Data excerpts:
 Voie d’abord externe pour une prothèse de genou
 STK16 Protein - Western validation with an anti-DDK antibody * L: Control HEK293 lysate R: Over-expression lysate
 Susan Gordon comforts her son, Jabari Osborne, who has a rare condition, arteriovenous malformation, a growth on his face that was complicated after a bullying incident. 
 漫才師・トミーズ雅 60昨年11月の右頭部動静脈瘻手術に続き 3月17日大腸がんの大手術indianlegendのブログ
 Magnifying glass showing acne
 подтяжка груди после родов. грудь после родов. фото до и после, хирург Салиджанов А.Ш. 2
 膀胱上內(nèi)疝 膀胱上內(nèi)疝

==

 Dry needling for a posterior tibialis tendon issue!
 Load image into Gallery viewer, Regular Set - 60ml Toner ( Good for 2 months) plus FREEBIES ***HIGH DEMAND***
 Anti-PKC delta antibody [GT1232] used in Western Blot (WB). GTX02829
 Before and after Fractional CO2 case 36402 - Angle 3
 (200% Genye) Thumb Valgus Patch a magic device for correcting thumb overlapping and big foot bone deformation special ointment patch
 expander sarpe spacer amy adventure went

...

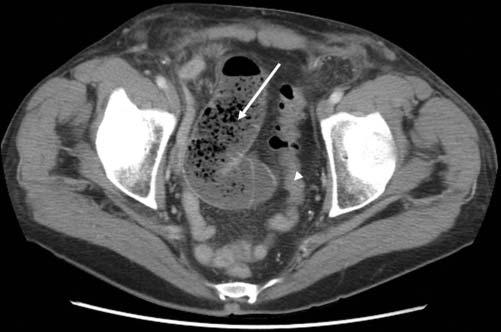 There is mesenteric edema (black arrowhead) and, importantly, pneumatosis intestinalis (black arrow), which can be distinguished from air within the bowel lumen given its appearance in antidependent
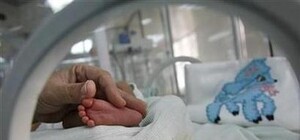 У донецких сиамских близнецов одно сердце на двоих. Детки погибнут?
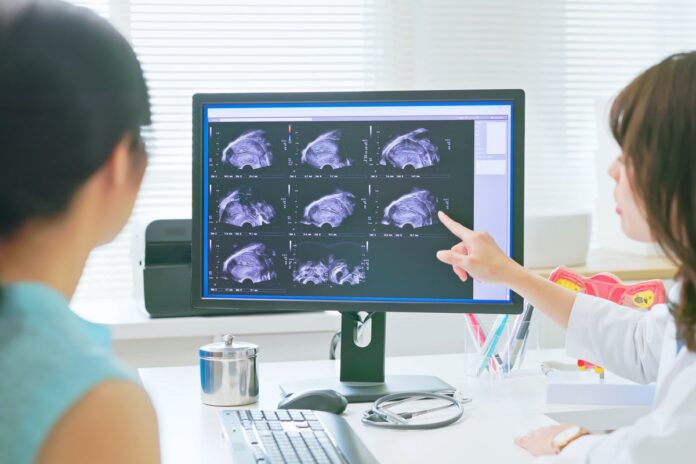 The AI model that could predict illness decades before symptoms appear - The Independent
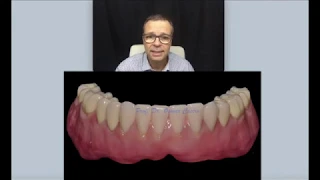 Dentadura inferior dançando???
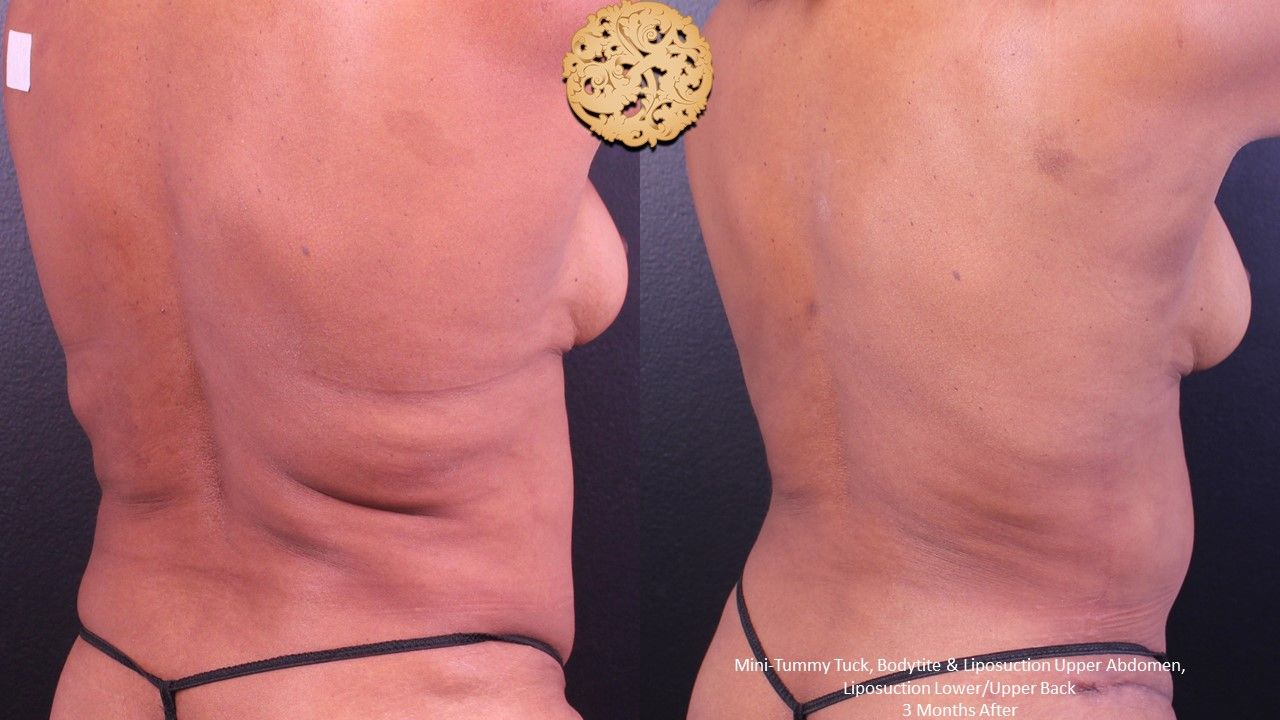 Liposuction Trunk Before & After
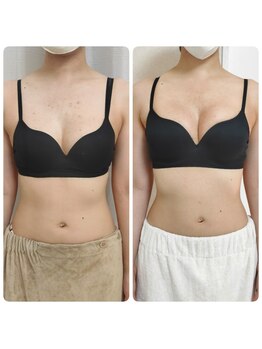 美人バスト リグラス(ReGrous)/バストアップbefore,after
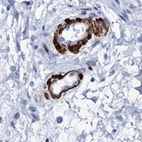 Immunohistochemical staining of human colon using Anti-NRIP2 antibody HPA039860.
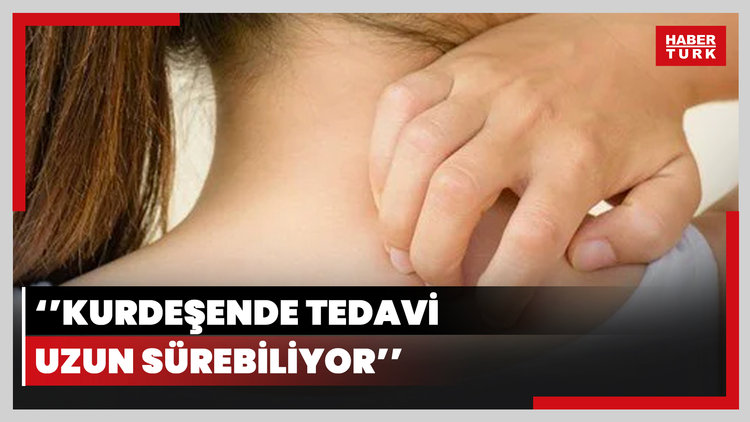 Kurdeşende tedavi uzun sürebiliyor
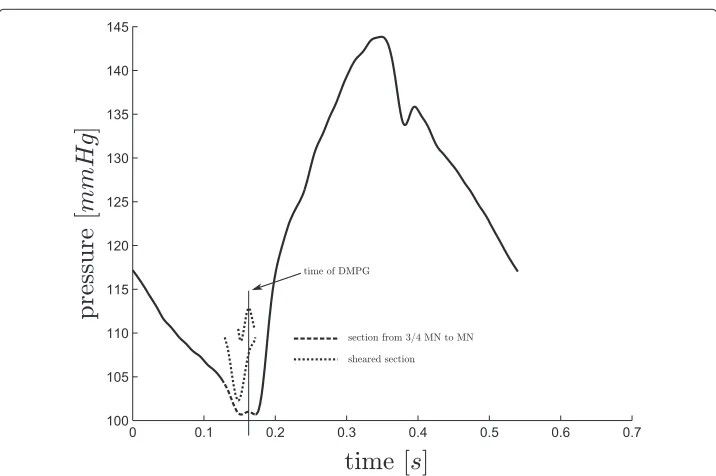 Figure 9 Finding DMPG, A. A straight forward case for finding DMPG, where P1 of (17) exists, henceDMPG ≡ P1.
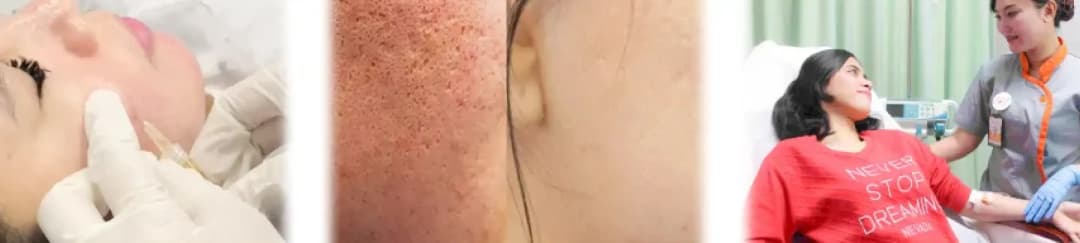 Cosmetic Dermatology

Work required: Starting with the line above that holds "(200% Genye) Thumb" and stopping with the line that holds "expander sarpe spacer amy adventure went", reproduce each line exactly, omitting all other lines.

Response area:
 (200% Genye) Thumb Valgus Patch a magic device for correcting thumb overlapping and big foot bone deformation special ointment patch
 expander sarpe spacer amy adventure went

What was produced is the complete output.